Starting with the line that contains "Epson T543600 INK", copy every remaining line of the data below exactly, the last one included.

(Web page caption snippets)

***

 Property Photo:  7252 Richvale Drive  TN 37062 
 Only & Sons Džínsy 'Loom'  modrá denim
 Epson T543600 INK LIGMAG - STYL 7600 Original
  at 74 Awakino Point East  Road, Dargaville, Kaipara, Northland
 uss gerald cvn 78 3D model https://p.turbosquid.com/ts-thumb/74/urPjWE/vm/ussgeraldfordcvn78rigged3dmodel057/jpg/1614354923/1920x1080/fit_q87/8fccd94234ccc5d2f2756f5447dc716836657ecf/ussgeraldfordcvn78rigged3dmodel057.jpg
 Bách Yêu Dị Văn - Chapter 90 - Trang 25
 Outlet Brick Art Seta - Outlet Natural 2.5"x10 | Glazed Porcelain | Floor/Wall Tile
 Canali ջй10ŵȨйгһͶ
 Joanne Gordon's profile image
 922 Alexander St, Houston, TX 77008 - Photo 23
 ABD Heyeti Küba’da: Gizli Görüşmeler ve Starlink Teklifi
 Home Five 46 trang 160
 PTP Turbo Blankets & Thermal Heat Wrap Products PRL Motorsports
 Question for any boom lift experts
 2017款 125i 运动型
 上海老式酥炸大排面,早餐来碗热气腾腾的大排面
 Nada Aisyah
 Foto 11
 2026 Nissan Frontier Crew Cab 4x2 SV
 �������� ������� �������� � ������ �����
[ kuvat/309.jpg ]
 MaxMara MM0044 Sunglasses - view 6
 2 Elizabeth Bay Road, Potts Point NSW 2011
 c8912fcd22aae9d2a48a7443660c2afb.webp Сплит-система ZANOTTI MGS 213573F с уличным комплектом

***

## Written solution
 Epson T543600 INK LIGMAG - STYL 7600 Original
  at 74 Awakino Point East  Road, Dargaville, Kaipara, Northland
 uss gerald cvn 78 3D model https://p.turbosquid.com/ts-thumb/74/urPjWE/vm/ussgeraldfordcvn78rigged3dmodel057/jpg/1614354923/1920x1080/fit_q87/8fccd94234ccc5d2f2756f5447dc716836657ecf/ussgeraldfordcvn78rigged3dmodel057.jpg
 Bách Yêu Dị Văn - Chapter 90 - Trang 25
 Outlet Brick Art Seta - Outlet Natural 2.5"x10 | Glazed Porcelain | Floor/Wall Tile
 Canali ջй10ŵȨйгһͶ
 Joanne Gordon's profile image
 922 Alexander St, Houston, TX 77008 - Photo 23
 ABD Heyeti Küba’da: Gizli Görüşmeler ve Starlink Teklifi
 Home Five 46 trang 160
 PTP Turbo Blankets & Thermal Heat Wrap Products PRL Motorsports
 Question for any boom lift experts
 2017款 125i 运动型
 上海老式酥炸大排面,早餐来碗热气腾腾的大排面
 Nada Aisyah
 Foto 11
 2026 Nissan Frontier Crew Cab 4x2 SV
 �������� ������� �������� � ������ �����
[ kuvat/309.jpg ]
 MaxMara MM0044 Sunglasses - view 6
 2 Elizabeth Bay Road, Potts Point NSW 2011
 c8912fcd22aae9d2a48a7443660c2afb.webp Сплит-система ZANOTTI MGS 213573F с уличным комплектом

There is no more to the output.